(Short web captions)

☆ ☆ ☆ ☆ ☆ ☆ ☆

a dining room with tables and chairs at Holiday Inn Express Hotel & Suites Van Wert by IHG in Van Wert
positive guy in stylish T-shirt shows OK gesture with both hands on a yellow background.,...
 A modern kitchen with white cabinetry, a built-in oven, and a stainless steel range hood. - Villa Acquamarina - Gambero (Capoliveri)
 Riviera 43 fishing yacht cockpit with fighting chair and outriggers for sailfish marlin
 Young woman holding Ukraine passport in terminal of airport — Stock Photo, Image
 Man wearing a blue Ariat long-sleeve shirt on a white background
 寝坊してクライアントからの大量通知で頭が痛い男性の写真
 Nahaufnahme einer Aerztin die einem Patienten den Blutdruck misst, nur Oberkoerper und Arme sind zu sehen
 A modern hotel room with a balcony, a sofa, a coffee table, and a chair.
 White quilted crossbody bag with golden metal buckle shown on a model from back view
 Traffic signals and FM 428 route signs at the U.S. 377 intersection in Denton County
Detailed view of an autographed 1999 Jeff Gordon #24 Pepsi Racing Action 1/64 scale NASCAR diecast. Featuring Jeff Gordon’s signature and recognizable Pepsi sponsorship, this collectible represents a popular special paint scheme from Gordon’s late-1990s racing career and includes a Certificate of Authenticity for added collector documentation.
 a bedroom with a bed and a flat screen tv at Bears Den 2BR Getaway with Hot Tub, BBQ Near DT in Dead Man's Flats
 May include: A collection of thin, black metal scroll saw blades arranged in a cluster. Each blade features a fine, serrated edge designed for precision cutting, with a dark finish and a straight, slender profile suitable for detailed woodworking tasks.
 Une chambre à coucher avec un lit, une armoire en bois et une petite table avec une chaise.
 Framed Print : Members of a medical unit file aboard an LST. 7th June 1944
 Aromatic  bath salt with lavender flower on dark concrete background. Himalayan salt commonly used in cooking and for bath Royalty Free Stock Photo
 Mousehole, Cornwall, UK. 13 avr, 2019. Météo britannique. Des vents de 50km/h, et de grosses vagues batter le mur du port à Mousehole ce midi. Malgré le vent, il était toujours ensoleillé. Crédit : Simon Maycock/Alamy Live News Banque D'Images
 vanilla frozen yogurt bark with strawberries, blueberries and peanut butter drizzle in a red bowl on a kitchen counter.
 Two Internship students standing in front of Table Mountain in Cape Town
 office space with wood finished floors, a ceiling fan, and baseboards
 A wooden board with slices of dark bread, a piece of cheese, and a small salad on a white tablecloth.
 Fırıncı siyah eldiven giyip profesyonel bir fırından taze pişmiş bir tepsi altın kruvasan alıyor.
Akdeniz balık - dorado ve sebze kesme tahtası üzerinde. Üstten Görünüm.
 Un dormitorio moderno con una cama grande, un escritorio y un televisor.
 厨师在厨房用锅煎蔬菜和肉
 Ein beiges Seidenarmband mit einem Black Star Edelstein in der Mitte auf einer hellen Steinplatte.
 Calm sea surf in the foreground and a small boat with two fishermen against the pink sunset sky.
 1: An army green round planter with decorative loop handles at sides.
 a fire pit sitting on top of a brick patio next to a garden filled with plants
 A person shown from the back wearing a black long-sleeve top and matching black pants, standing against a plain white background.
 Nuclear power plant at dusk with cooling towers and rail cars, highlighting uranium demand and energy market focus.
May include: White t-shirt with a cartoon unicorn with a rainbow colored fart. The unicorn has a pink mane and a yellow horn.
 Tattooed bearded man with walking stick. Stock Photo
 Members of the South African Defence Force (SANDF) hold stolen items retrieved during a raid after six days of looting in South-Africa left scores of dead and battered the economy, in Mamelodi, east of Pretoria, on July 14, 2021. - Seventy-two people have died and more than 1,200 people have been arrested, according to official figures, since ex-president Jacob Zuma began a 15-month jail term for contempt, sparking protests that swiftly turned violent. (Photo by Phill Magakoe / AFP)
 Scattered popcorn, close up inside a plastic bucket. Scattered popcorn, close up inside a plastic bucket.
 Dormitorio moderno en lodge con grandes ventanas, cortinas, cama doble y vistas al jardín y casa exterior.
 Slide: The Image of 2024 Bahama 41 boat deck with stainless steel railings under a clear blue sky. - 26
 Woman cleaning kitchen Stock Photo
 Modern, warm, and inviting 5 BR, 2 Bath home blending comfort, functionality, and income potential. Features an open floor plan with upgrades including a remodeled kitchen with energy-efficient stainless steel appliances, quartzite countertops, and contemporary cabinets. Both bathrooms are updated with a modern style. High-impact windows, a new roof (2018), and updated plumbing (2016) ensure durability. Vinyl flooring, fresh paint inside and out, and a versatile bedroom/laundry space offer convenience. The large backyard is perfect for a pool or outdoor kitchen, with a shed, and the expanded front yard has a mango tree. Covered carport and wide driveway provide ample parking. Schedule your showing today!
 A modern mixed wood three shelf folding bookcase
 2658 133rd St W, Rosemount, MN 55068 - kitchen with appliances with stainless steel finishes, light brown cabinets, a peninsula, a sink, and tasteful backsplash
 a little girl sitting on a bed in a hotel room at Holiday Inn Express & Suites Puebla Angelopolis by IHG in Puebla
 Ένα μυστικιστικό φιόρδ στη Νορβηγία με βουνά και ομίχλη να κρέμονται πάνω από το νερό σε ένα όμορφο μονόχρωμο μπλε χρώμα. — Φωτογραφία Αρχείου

☆ ☆ ☆ ☆ ☆ ☆ ☆

Activity - Whenever the word "yellow" occurs in a line of the records, that line counts once; state the total alone.

Response area - 2